Pantheists' experience of cosmic oneness with God is in my view a case of mistaken identity. They experience oneness with the Mother, not the Father. And yet the uncreated Father God reveals himself and his intentions through the Mother in whom and through whom creation came into being. The uncreated Godhead, as active principle, as Yang, works in partnership with the created Cosmic Mother, the Yin principle, who works freely in response to the will of the active Godhead who images or reflects himself in the created reality that is Not God, but with whom he is in intimate communion. This is an idea that leads to the retrieval of the Catholic idea of Mary as the mediatrix of all graces.
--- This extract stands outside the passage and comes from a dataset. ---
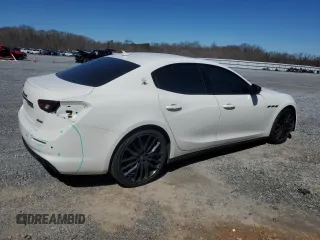 2019 Maserati Ghibli с VIN ZAM57XSA5K1335540, выставлен на аукционе Copart как лот 41641315 с пробегом 51 273 миль миль и Списание • Salvage title. История ставок и продаж доступна на DreamBid. Изображение 3.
Now I realize this probably seems pretty far fetched, but it resonates with the bits and pieces of Marian doctrine Catholics have always held. I'm just putting this out as a kind of thought experiment that, for me at least, pulls together a lot of ideas about Mary that never made much sense. Mary, for Catholics, has always been more than this sweet unassuming Jewish girl who did the right thing. She was always more than that, and that made the Protestants very uncomfortable--they called it Mariolatry. But it's not Mariolatry if we understand Mary as first among created beings. Is it idolatrous to believe in angels and their hierarchies? Well, Mary is Queen of All Angels, who incarnated as Jesus incarnated, who was fully human as Jesus was fully human, but a created being, not uncreated as Jesus was. Isn't this consistent with the idea and explains the doctrine of Mary's having been herself born without original sin? She pre-existed Adam and Eve.
Mary is not God--she is a created being--but she was an essential partner with God in the creation of the cosmos. She is the apotheosis of the created divine human--and that's what the doctrine of her Assumption into heaven points to. She, born without original sin, because a primal partner with the Father in the creation of creation, is the instrument through whom the Godhead is incarnated in the world. But she is not "just" an angelic being; she too was truly human, and as such a proleptic image of what we shall all become when we become inwardly transformed into the image and likeness of the Godhead, an image and likeness that was never shattered in her as it was in the sons of man after the fall. Her body, after the Christ's resurrection, became itself a resurrection body, and that's what makes her apparitions at Fatima, Lourdes, Medjugorje, and so many other places, similar to the post resurrection appearances of Christ to the Apostles before Pentecost. For me there in no doubt whatsoever that those Marian apparitions were authentic. That doesn't make any sense to the modern imagination, but it can and will make sense in a kind of postmodern imagination that is now developing.
These are big, big issues, and they are hard to address with the thoroughness that a book length treatment of them could give. I can refer you to the work of some of the Russian Sophiologists like Soloviev, Bulgakov, Tomberg as sources for these ideas, but my point here is not to argue for their truth, but rather to illustrate what I mean by mythopoetic retrieval and second naivete. Others I'm sure can do it at a level that is far more satisfying that what I've attempted here. This is the kind of thing we will be seeing, not from theologians and in official church pronouncements, but in movies, fiction, maybe even TV. ("Lost", I would argue is an exercise in retrieval and fusion in this sense. Someone should do a riff along these on the significance of Mr. Eko's dope-filled Mary statues.) It will develop in the popular imagination, and after a while we will all take for granted ideas that seem impossible now. In the postmodern imagination, anything goes.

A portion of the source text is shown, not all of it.